After two layovers and nearly ten hours of travel, the cabin is quiet. The serving carts are gone, the flight attendants seated for our descent. We’re cruising along at ten thousand feet, about to begin the final leg of an extraordinary quest that has spanned a year and a half. I look around at them now, twenty kids between the ages of fourteen and seventeen, some slumped down in their seats, sleeping, exhausted even before the game begins, others with their faces pressed into the windows, the glass fogging with each anxious breath. This morning, when we boarded the first plane in Grand Rapids, Michigan, they were a wild and frenetic bunch, so excited they could barely stand still. A decision was made then that the adults in our group—me, my wife, my teaching partner, a couple of aides from our classroom—would be distributed evenly throughout the cabin, to comfort and reassure those who hadn’t flown before and, more important, to make sure that all hell didn’t break loose at the top of the world.

Seems silly now, for the trip has been blissfully uneventful. Not one air sickness bag needed, not one kid injured on a moving walkway, not one smoke alarm accidentally or otherwise activated . . . not a single flight attendant or pilot traumatized. Twenty kids from five different schools, each with some type of learning disability, and so far, at least, they have been model citizens. There is Steve, the boy whose flatulence and mischievousness can sometimes, but not always, be attributed to his battle with Tourette’s syndrome; Lewis, the wiry and angry kid who has lived in twenty-seven foster homes; Marion, whose inability to focus and concentrate is due at least in part to her ongoing struggle with leukemia; Ben, a sweet-natured boy with Down’s syndrome; Stephanie, a tall and awkward girl with a ferocious temper; Scott, a dyslexic kid who is trying to live up to his father’s grand expectations; and Mark, a dead ringer for Alfalfa on the old television show The Little Rascals. These kids, and thirteen others, have all been collectively lumped under the umbrella of special education, a euphemistic brand if ever there was one, with its implications of uniqueness and undertones of helplessness, stupidity, and trouble. And yet throughout this long day they have caused barely a ripple of unintended or unwanted interest. How surprised the folks back home would be: the principal who thinks this whole adventure is nothing more than a mad quixotic joke; the regional coordinator of special education who, though she’ll never admit it, wants nothing more than to see us fail, to see these kids disheartened and disappointed once again; the teachers who regularly gather in the faculty lounge and trade cruel and sophomoric insults about these children over lunch, despicable behavior that makes the taunts of the mainstream students seem benign by comparison, and that has prompted both me and my partner to routinely brown-bag it in the classroom. What would they say now? What will they say when we return?

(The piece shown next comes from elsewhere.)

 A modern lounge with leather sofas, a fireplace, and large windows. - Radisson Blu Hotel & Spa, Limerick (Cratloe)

There is a nervousness in the pit of my stomach, a rolling reminiscent of Friday nights in the fall. I’m a football coach as well as a teacher (actually, I’ve always believed that a football coach—a good one, anyway—is a teacher), and the atmosphere on this plane right now reminds me of a locker room fifteen minutes before kickoff. The stillness is deceiving; cut through it and you’ll find a swirling mass of conflicting emotions: fear, excitement, anticipation, dread. And it isn’t just the participants, the players, who are susceptible—I feel it, too.

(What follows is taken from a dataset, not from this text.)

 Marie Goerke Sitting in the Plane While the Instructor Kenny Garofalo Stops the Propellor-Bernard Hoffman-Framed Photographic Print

We’ve spent so much time—so many hours, days, weeks, and months—preparing for this opportunity. But it isn’t the possibility of losing that scares me; it’s the possibility of something more palpable, more devastating: failure. They aren’t the same thing, loss and failure. Losing I can handle, provided the effort and intentions are honest, the teamwork consistent with the values we have stressed and taught. Failing is something else, especially in this case. These are special ed kids, and as such they are accustomed to being criticized, laughed at, scorned . . . and worst of all, ignored. I’ve seen them transformed over the course of the past eighteen months. Once a motley collection of misfits and troublemakers, most of whom expected nothing from themselves because nothing was expected of them, they have metamorphosed into a group bonded by a common goal, a group that has a chance to achieve something akin to a miracle, something no group of learning disabled students has ever accomplished.

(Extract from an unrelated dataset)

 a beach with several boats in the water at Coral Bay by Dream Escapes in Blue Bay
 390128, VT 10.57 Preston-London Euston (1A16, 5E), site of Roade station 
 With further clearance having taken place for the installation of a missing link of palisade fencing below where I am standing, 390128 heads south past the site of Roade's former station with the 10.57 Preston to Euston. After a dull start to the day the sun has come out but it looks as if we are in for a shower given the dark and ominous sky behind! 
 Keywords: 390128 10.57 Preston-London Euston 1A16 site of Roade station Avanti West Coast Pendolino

Not that I romanticize their accomplishments. I’ve worked with special-needs students for far too long to take a simplistically optimistic point of view. These are basically good kids who have been dealt a bad hand—by God, by their parents, by their teachers, by their peers, by the system. They’ve lived most of their lives on the margins, and sometimes the damage that has been done is so great as to be irreparable. These kids can try your patience and they can break your heart. There are no simple solutions for any of them. There are, however, times and circumstances, remarkable moments, when they can and do remind you of the overwhelming power of the human spirit.

I’m confident this week will bring out the best in them, in all of us, though there is no way to know for sure. I hope all goes well. I hope there are no fights, no emotional meltdowns, no screwups of such magnitude that they cause embarrassment for our school district. That, inevitably, would result in failure, which in turn would lead to the closing of a door that has been opened just a crack, after so many years of being locked tight. And that would be a tragedy.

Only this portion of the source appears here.